:: What to do ::
In the data below, set down exactly the lines from the one containing "Antique Hand-Painted Floral" up to and including the one containing "A 54 High Street". Leave the pictures out.

:: Data supplied ::

------------------------------------------------------------

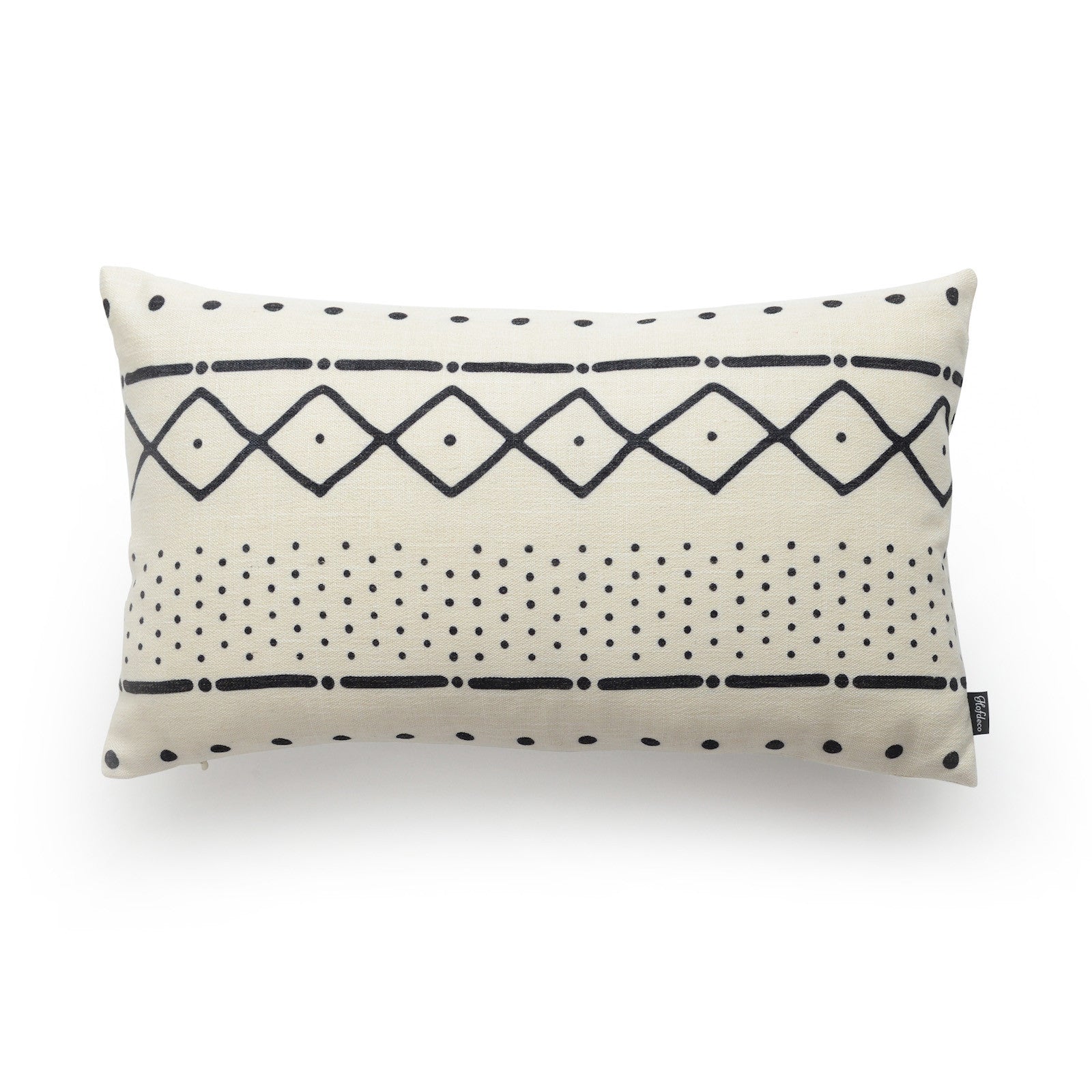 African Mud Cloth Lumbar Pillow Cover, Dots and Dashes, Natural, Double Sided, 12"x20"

------------------------------------------------------------

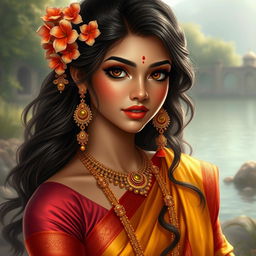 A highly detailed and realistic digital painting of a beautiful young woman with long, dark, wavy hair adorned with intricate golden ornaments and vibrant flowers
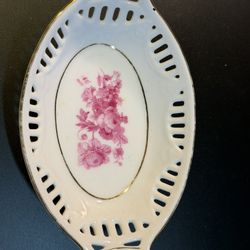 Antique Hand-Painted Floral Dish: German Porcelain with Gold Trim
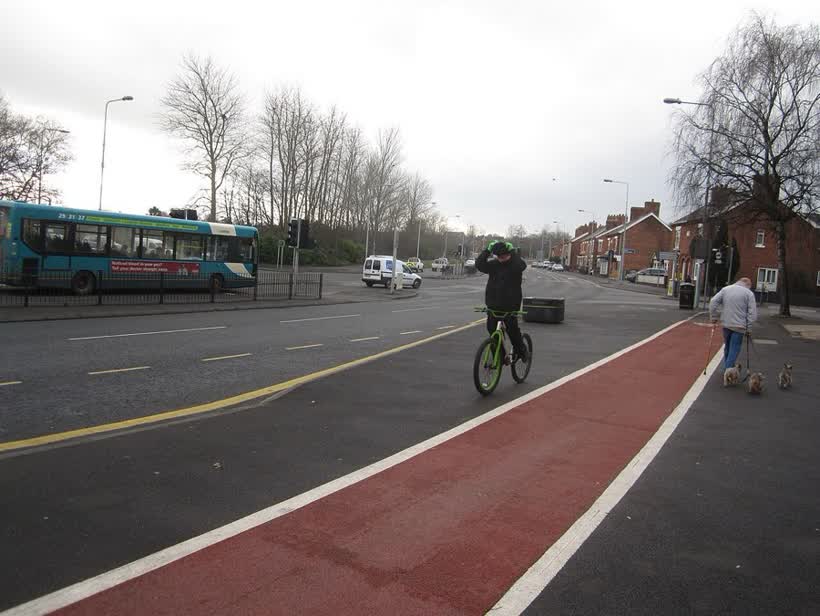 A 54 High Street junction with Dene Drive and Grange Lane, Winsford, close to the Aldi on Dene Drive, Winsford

------------------------------------------------------------

:: Task output ::
 Antique Hand-Painted Floral Dish: German Porcelain with Gold Trim
 A 54 High Street junction with Dene Drive and Grange Lane, Winsford, close to the Aldi on Dene Drive, Winsford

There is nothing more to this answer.